(Data to use)
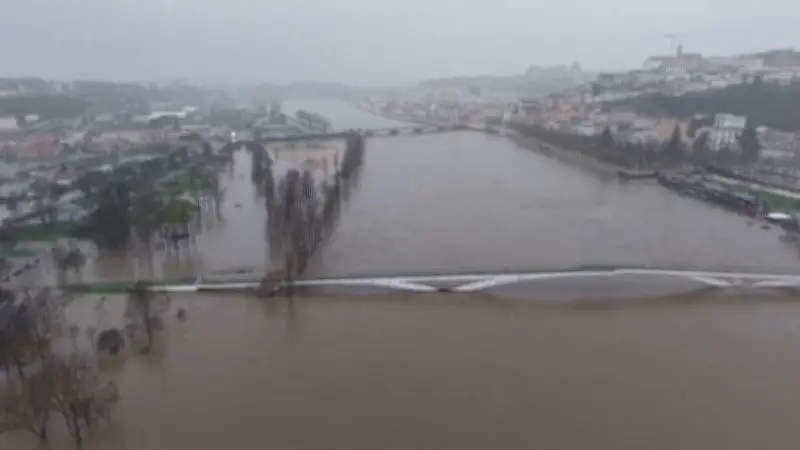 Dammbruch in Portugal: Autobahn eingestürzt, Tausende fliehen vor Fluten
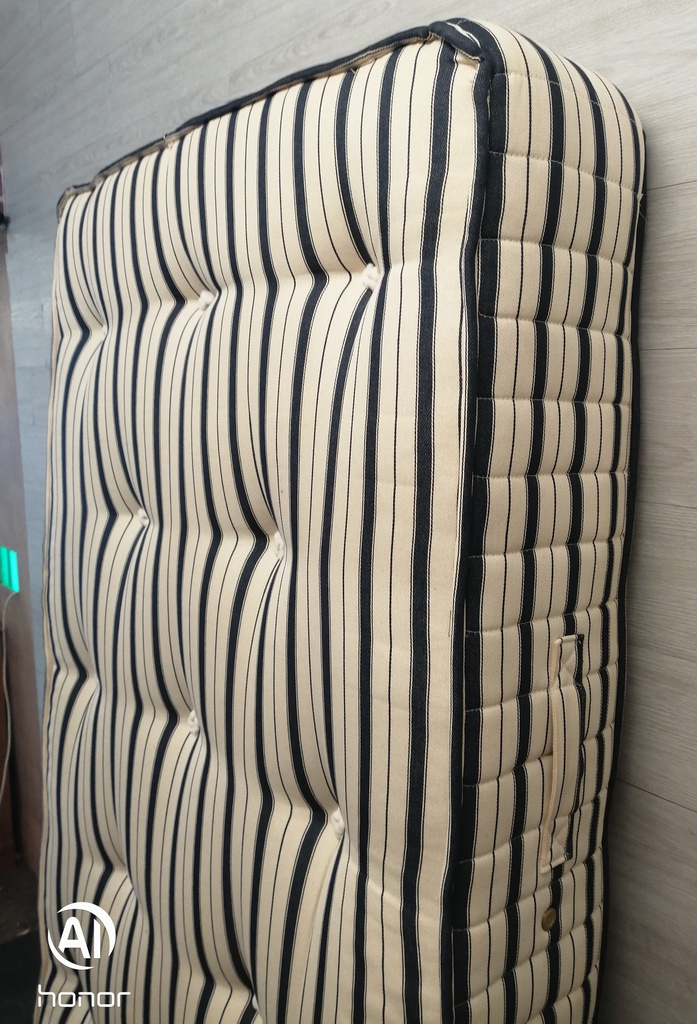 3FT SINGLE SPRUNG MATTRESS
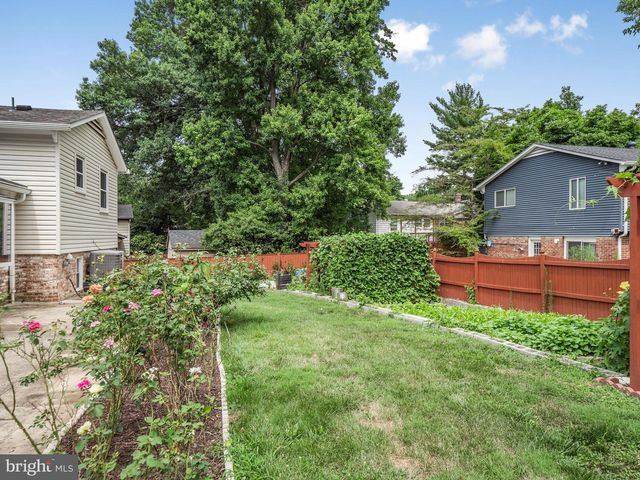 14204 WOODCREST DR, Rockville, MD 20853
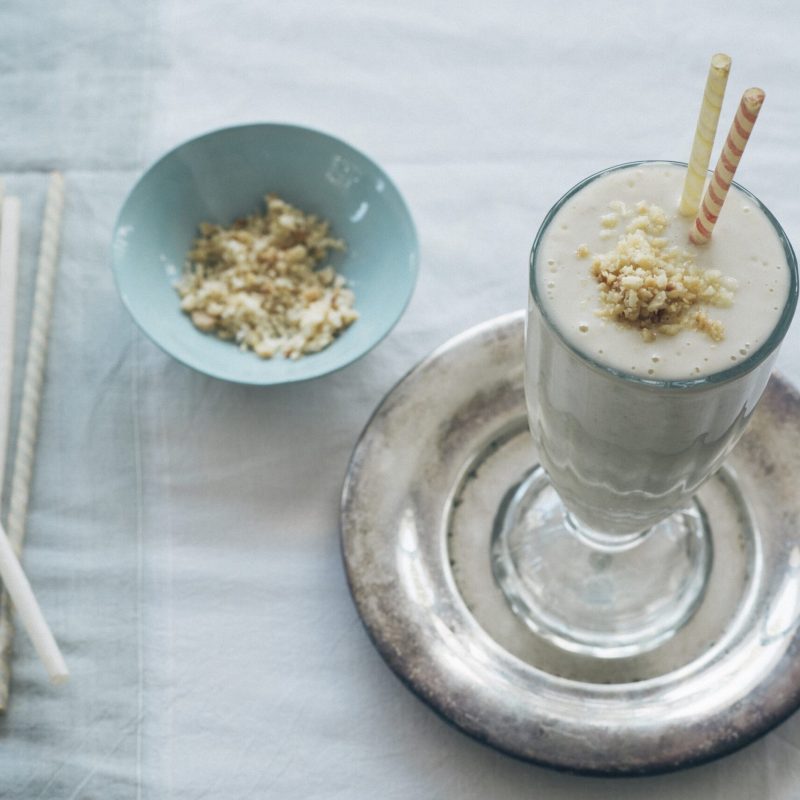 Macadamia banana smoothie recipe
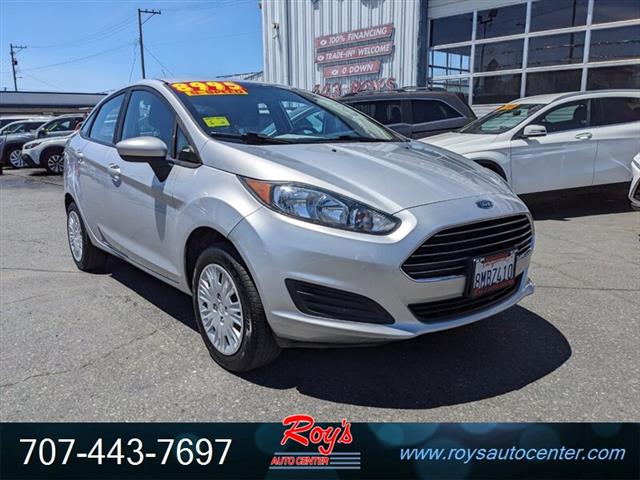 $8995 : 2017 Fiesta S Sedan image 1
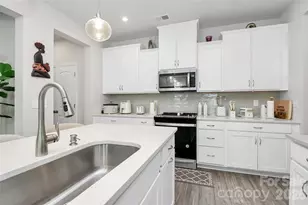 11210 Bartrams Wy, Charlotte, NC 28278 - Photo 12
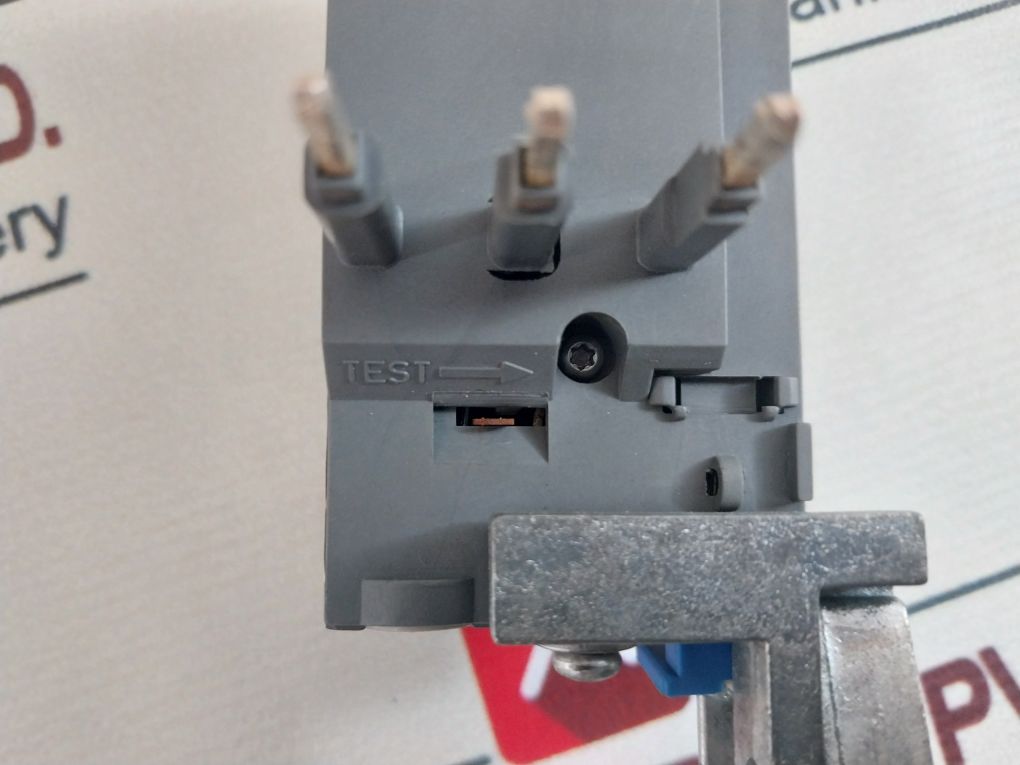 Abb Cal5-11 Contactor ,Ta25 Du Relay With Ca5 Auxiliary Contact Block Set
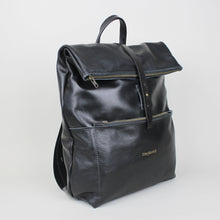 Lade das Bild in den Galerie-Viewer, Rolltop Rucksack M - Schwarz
(End Data to use)
(Data to use)
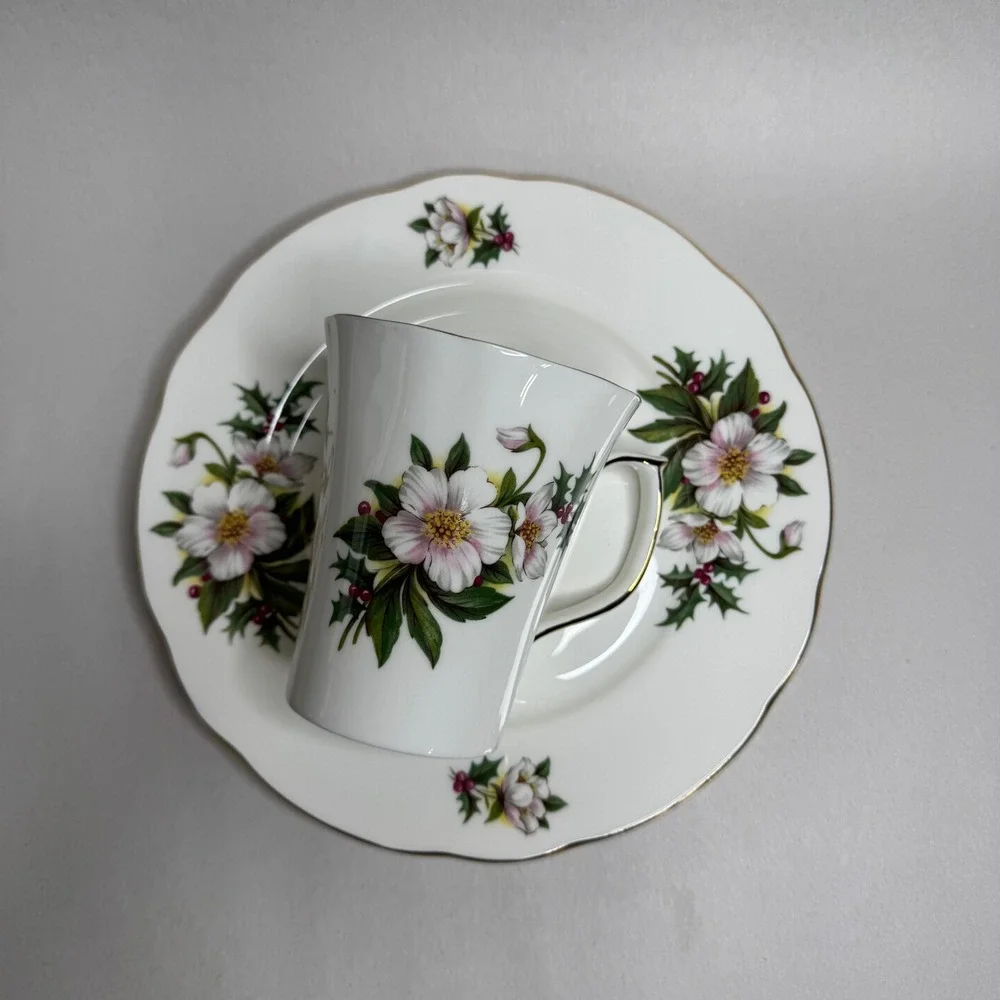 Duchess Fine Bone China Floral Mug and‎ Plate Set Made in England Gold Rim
(End Data to use)
(Exercise objective)
Transcribe only the lines above that start at the line containing "Dammbruch in Portugal: Autobahn" and end at the line containing "Lade das Bild". Omit pictures.

(Exercise result)
 Dammbruch in Portugal: Autobahn eingestürzt, Tausende fliehen vor Fluten
 3FT SINGLE SPRUNG MATTRESS
 14204 WOODCREST DR, Rockville, MD 20853
 Macadamia banana smoothie recipe
 $8995 : 2017 Fiesta S Sedan image 1
 11210 Bartrams Wy, Charlotte, NC 28278 - Photo 12
 Abb Cal5-11 Contactor ,Ta25 Du Relay With Ca5 Auxiliary Contact Block Set
 Lade das Bild in den Galerie-Viewer, Rolltop Rucksack M - Schwarz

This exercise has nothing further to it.